En 2020, todos los países de la Unión Europea deberán reciclar el 50% de los residuos domésticos. Pero según datos del Parlamento Europeo, ahora solo cumplen con ese requisito Alemania, Austria, Bélgica, Países Bajos y Suecia. España está en el 33%, un porcentaje prácticamente idéntico al del Principado de Asturias, si bien algunas fuentes, como Foro, indican que en la región solo se recicla el 11,17% de los residuos domésticos.
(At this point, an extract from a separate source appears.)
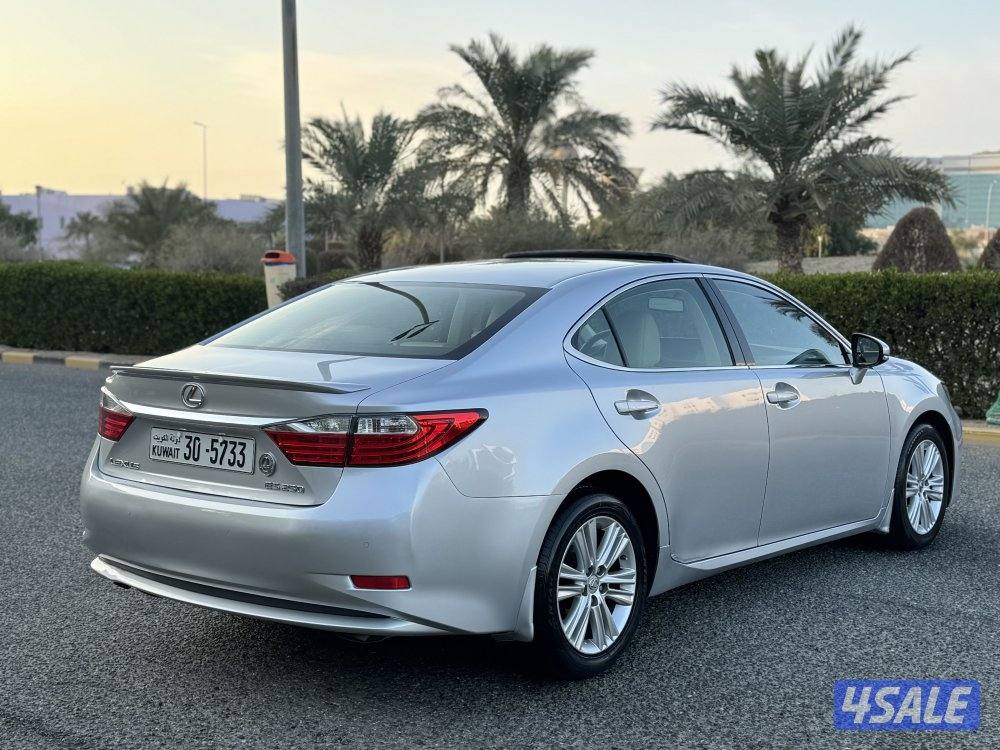 لكزس ES250 موديل 2013 بحاله ممتازه جدا شرط الفحص3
Lo cierto es que el sitio de internet del Consorcio para la Gestión de los Residuos Sólidos en Asturias (Cogersa) no indica un porcentaje de reciclaje sobre el total de basuras generadas en los domicilios asturianos, sino que habla de kilos por habitante y año. Así, según sus datos, cada asturiano recicló en 2016 un total de 47,44 kilos de papel, cartón, vidrio y envases ligeros. Los municipios que más empeño ponen en esta práctica son los de Gijón, Navia, Sobrescobio, Santo Adriano, Caravia y Oviedo, mientras que a la cola se sitúan Degaña, Cangas del Narcea, San Martín de Oscos, Allande e Ibias. La diferencia entre el concejo que más recicla y el que menos es abrumadora, pues cada gijonés lo hace con más de 60 kilos, mientras que los ibienses solo llegan a los 4,83. Los datos generales reflejan que en el Principado se reciclan 23.034 toneladas de papel y cartón, 15.728 de vidrio y 10.867 de envases.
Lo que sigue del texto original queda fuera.